Divergent and Insurgentt by Veronica Roth
Will I Read the Sequel: Yes
My Thoughts: I can’t remember how I first heard of Roth’s series. I found the premise of a world in which people are divided into factions based on personality trait (Erudite, Candor, Dauntless, Amity , and Abnegation) intriguing. Yes, I took the facebook quiz before I read the book. I wanted Erudite, because I’m a Ravenclaw, but was instead labeled Dauntless. Hmmmm.
To return to our tale. In some ways, it reminded me of The Hunger Games. Tris Prior is not as engaging or compelling as Katniss, though to be fair, who is? Both endure violent physical trials to survive their dystopian worlds. The difference is Katniss knew what she was choosing; Tris didn’t. Each year, the young adults take a test to determine their dominant personality trait. They can then choose to join the new faction, or stay with the faction in which they grew up.
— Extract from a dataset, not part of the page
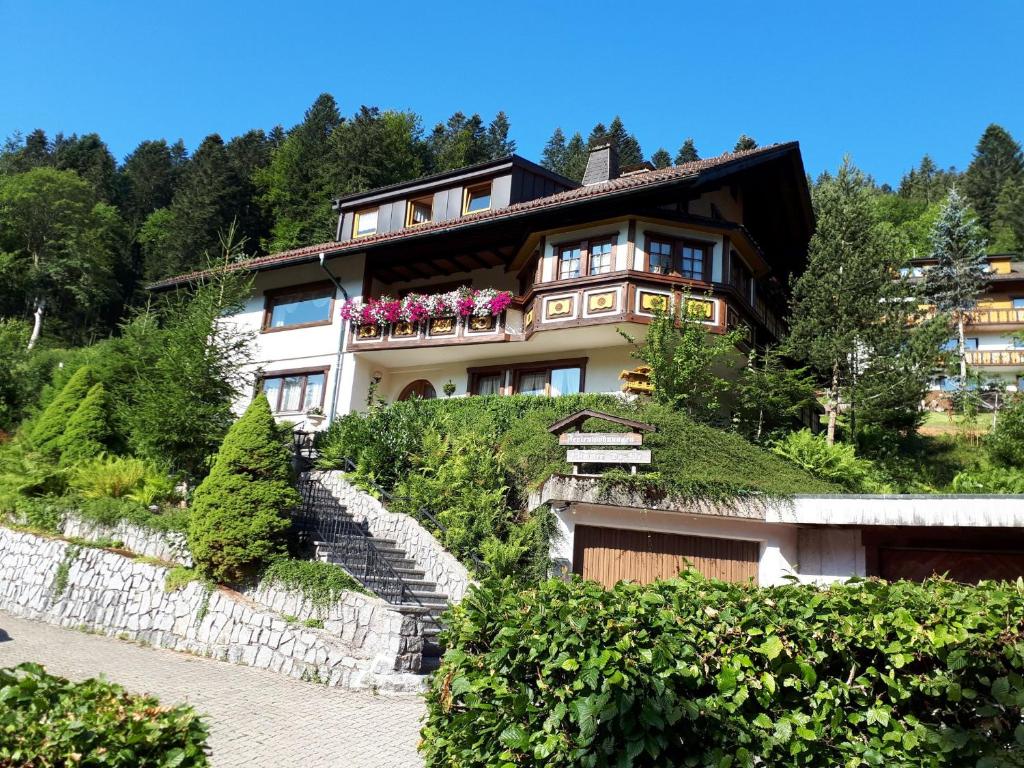 a house on top of a hill with flowers at Haus Kurparkblick in Todtmoos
This is complicated for Tris when her test reveals she has aptitude for multiple factions: she is divergent.
What does that mean? It means “our minds move in a dozen different directions. We can’t be confined to one way of thinking and that terrifies our leaders. It means we can’t be controlled. And it means that no matter what they do, we will always cause trouble for them” (442). Divergent is the introduction to this world, Tris’ initiation in her faction, and her gradual discovery of what exactly it means to be Divergent.
I can’t say much about Insurgent without spoiling it, or Divergent. What I can say is that the world-building continues, the mysteries deepen, and I am patiently awaiting the third book in the series, title unknown (though Roth says it won’t be Detergent).
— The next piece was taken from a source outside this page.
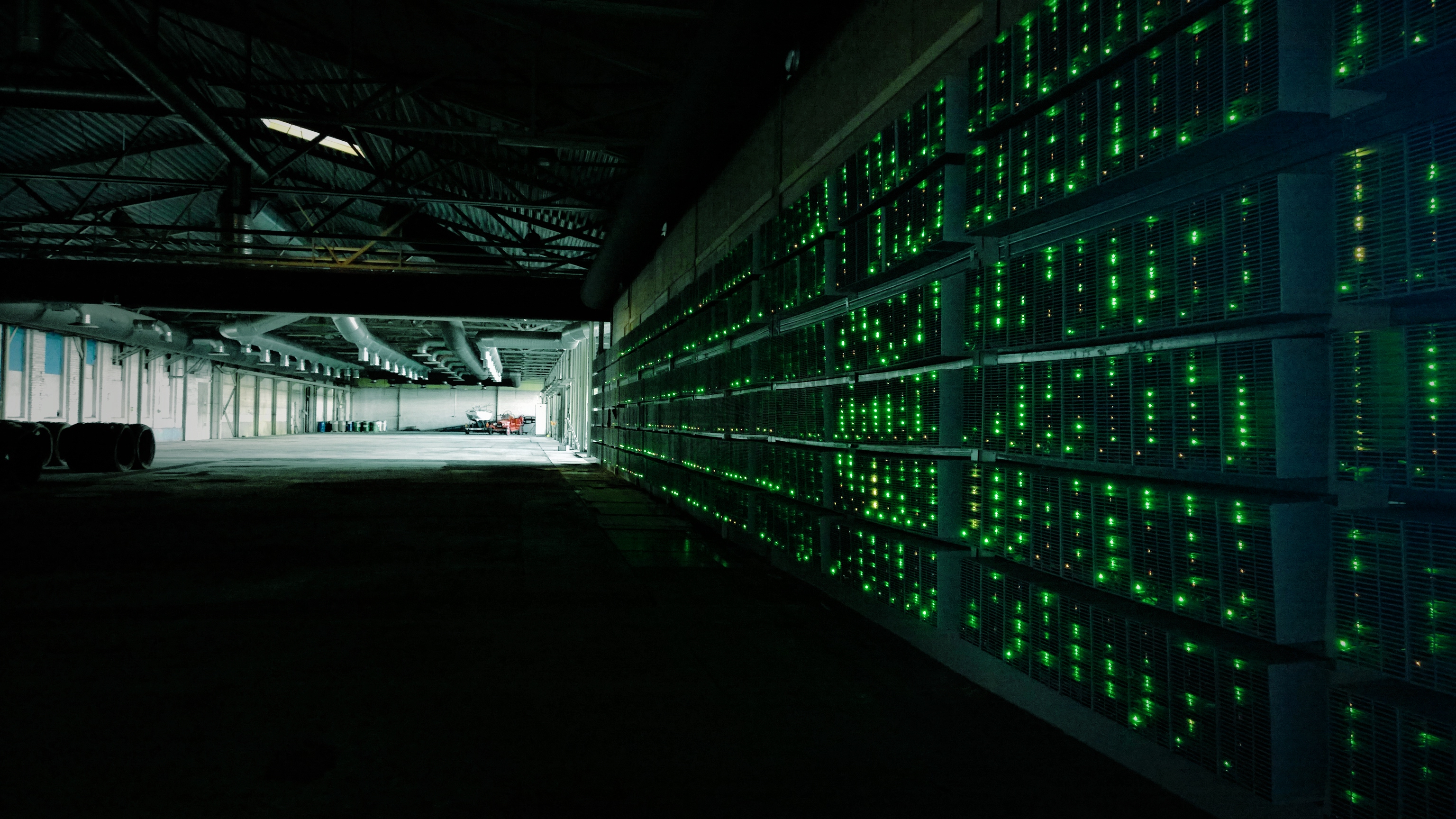 Rows of mining hardware with green status lights inside a large industrial building, photographed in 2014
Eyes Like Stars by Lisa Mantchev
Will I Read the Sequel(s): No
My Thoughts: I couldn’t buy this world. That was the biggest struggle for me. This is the theater where all the characters in all the plays, yet there’s no audience, until our protagonist Bertie stages a revival of Hamlet, then there’s an audience. Bertie can randomly call for scenes to be set on the stage, yet this has no effect on the world at large. The characters aren’t allowed to leave the theater, yet some do, and it has no effect upon the plays they’re supposed to be in? It would have made more sense to me it were like BookWorld in Jasper Fforde’s Thursday Next series. It didn’t work for me and I couldn’t get past it.
I also didn’t particularly care for Nate, Bertie’s would be paramour. Ariel of The Tempest, her foil was far more interesting. It’s not a bad read, and for those who aren’t quite so preoccupied with the premise, it’s probably quite enjoyable.